Congratulations & Condolences

"Congratulations."

It's not that I'm not grateful but somehow there is a pang of bitterness that comes with winning the Freshman Prize Debate. Don't get me wrong, I could not be happier and I consider myself incredibly lucky to have such a great support group of friends that helped me win the prize. And I most definitely am not trying to diss anybody who participated, we all did our best and I don't have any right to lord it over anyone.

Yet every time somebody congratulates me I don't quite know how to respond except rejoice and feel that I'm supposed to be a lot more ecstatic about my speech. 

I spoke against the motion which was that responsibility ends at our borders. I used the example of the Westgate Mall Kenya massacre to demonstrate how our world is so interconnected that it was impossible and immoral to shirk from our responsibilities to every citizen of this Earth. 

But there's the problem, see? I used the Kenyan massacre. I distilled the tears and blood, the troubles and tragedies that affected real people into some simplistic didactic takeaway about the world. I felt almost soiled as I was speaking the words, like an actor wearing a blood-stained shirt and winning a prize for his performance, except that the blood was real and belonged to someone who had to die for him to win. 

The night before the debate, I had just attended a candlelight vigil for the victims of the massacre. A few Yale students had been personally affected. The ceremony was simple and solemn, but heartbreaking. It kept me awake, eyes staring at the ceiling for hours on end. It was all too real. 

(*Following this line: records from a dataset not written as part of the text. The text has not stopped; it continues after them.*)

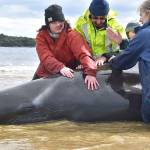 Australian rescuers save 108 whales after mass stranding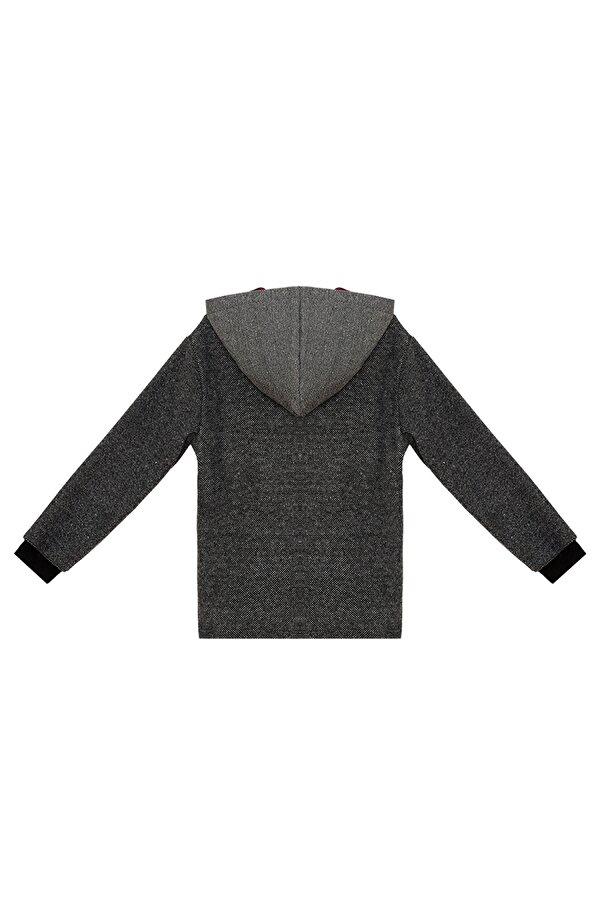 Dino Erkek Çocuk Kapüşonlu Sweatshirt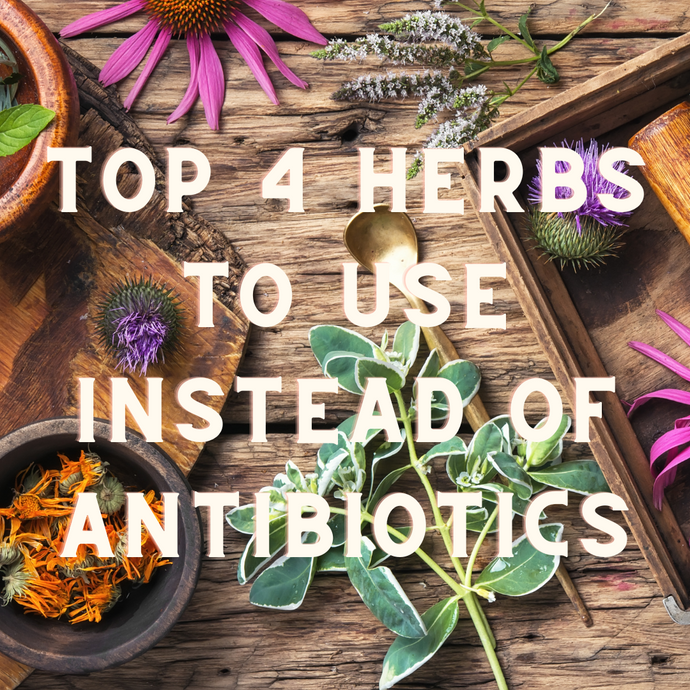 Top 4 Herbs To Try Over Antibiotics For Your Dog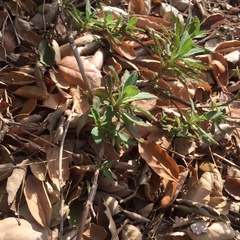 Salvia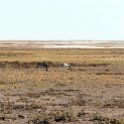 NAM OSHI Etosha 2016NOV26 021 : 2016, 2016 - African Adventures, Africa, Date, Etosha National Park, Month, Namibia, November, Oshikoto, Places, Southern, Trips, Year
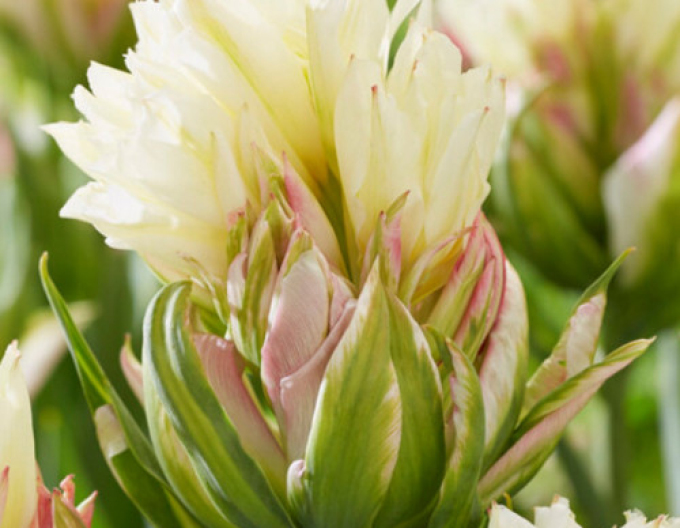 Lalea dublă "Mystery Valley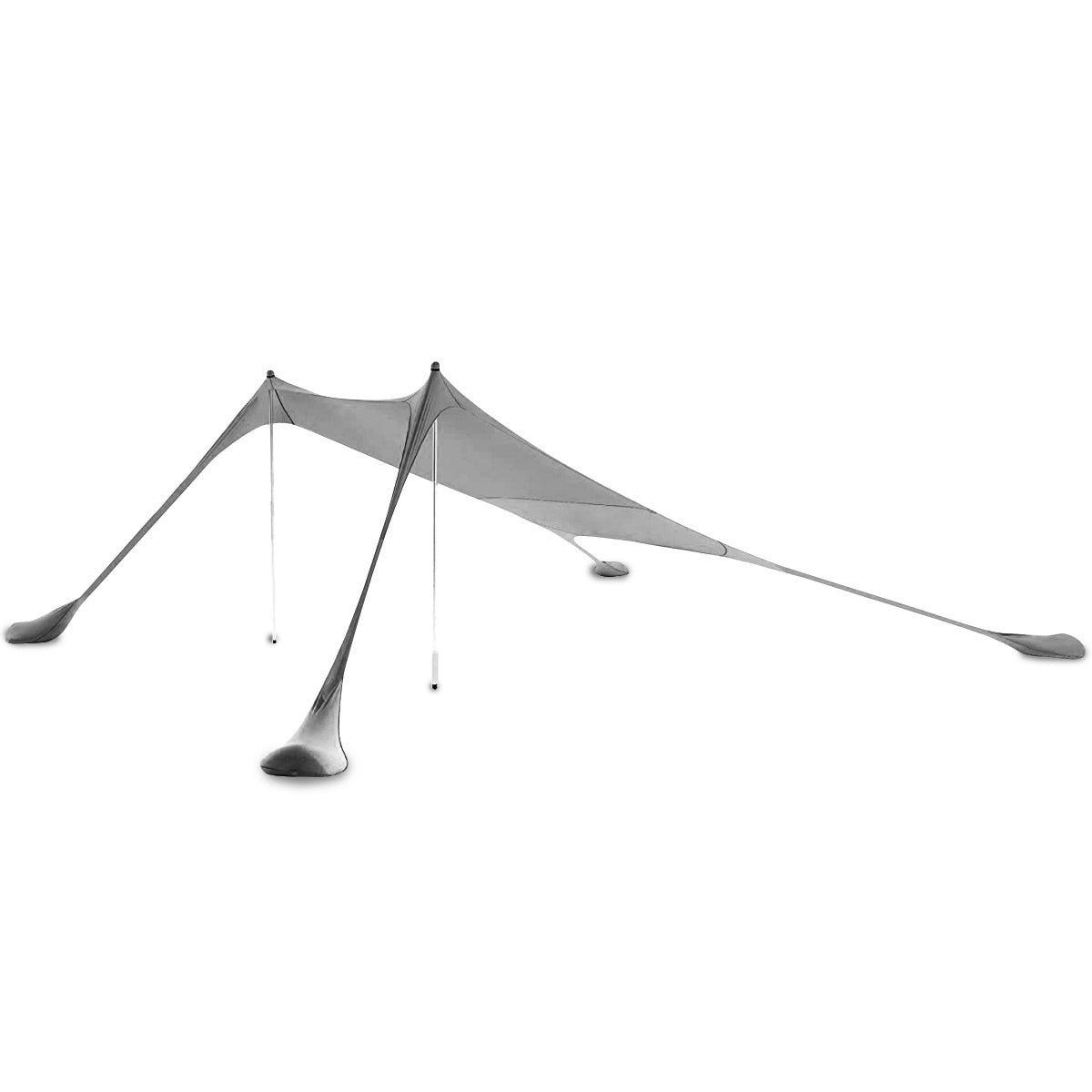 ציליית ים גדולה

I had grappled with my feelings when I spoke the words to my speech. I tried to attempt to express my sorrow and my empathy, I tried to do justice to the victims of the massacre and honor their memory, I tried to bring this great message of caring for one another, but everything seemed to fall short. My words felt hollow and meaningless. I felt like that politician who only appears at televised funerals during campaign season and who pretends to eulogize people he does not even know for publicity's sake. 

I consider myself an introspective person. I try to reflect on what I am doing, how I am doing it and why am I doing it every once in a while. And all the while, as I looked back upon that Freshman Debate, the prime motivation in place was simply to win.

How often do we, in the face of glory, forget the real impact of the issues we debate? How often do we reduce lives and livelihoods to plot devices and rhetorical questions? Is this what politicians do?

What does it say about me as a person?

I'm afraid I don't have any answers. All I know is that somewhere, while I'm eating away the hundred dollars someone is suffering from the very incidents I mentioned to win a prize with.

"My condolences."



1 comment:

  1. don't be too hard on yourself, man. it's too strong to say you used it, it was a tragic event that serves as a constant remind to us on how we should conduct ourselves. as long as we act on it - or if someone who heard you speak acts upon it, it isn't in bad faith.